Instructions to follow >> Transcribe exactly, and without pictures, the lines from the one that contains "Clavier 3GO HUB37PETHC" through the last line of the material.

Data: Begin

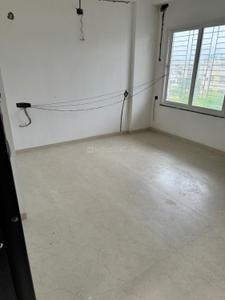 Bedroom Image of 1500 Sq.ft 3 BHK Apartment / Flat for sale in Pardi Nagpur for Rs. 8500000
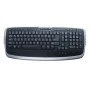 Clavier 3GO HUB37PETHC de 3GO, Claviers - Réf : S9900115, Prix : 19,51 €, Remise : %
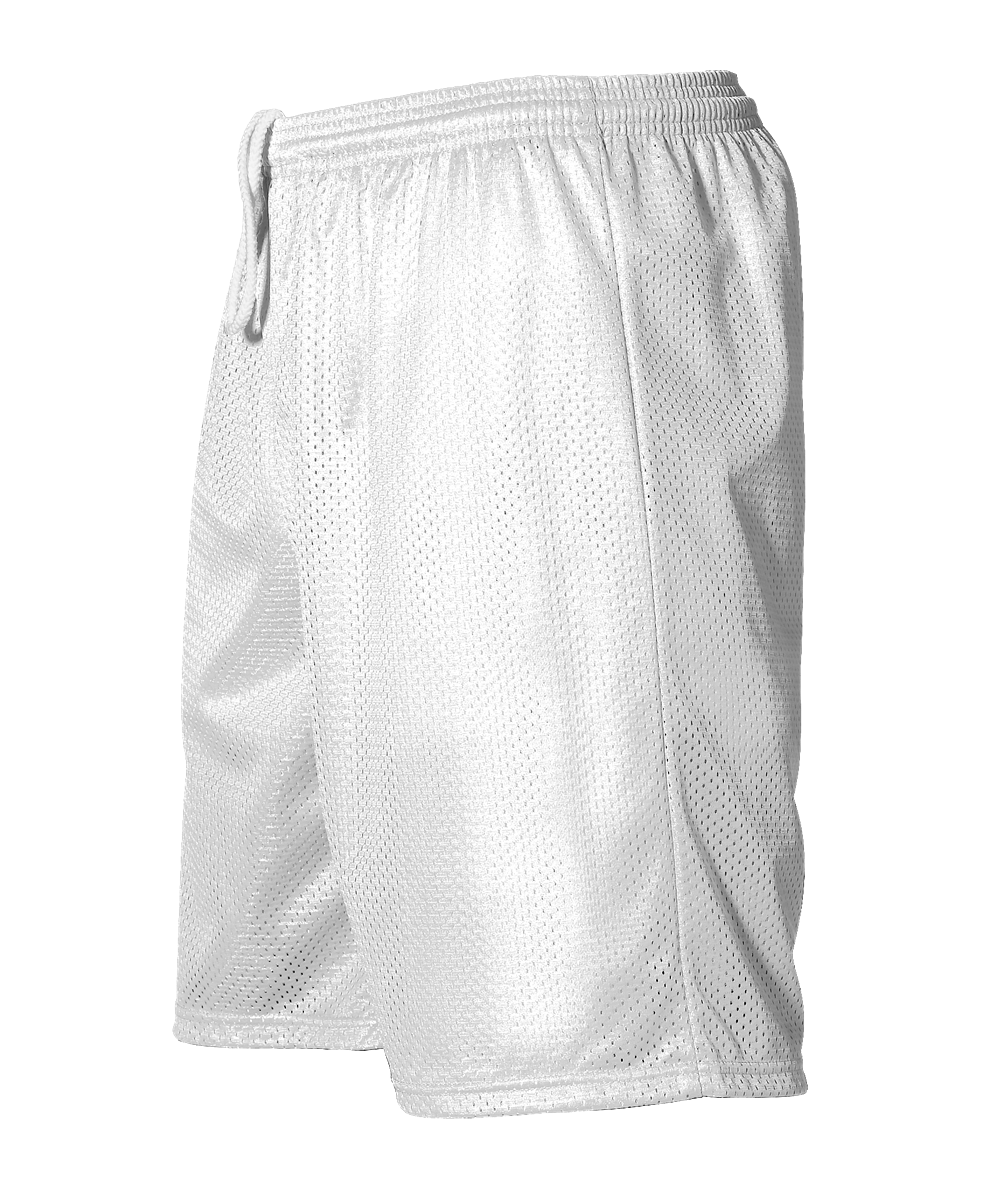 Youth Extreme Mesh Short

Data: End

Response to the task >>
 Clavier 3GO HUB37PETHC de 3GO, Claviers - Réf : S9900115, Prix : 19,51 €, Remise : %
 Youth Extreme Mesh Short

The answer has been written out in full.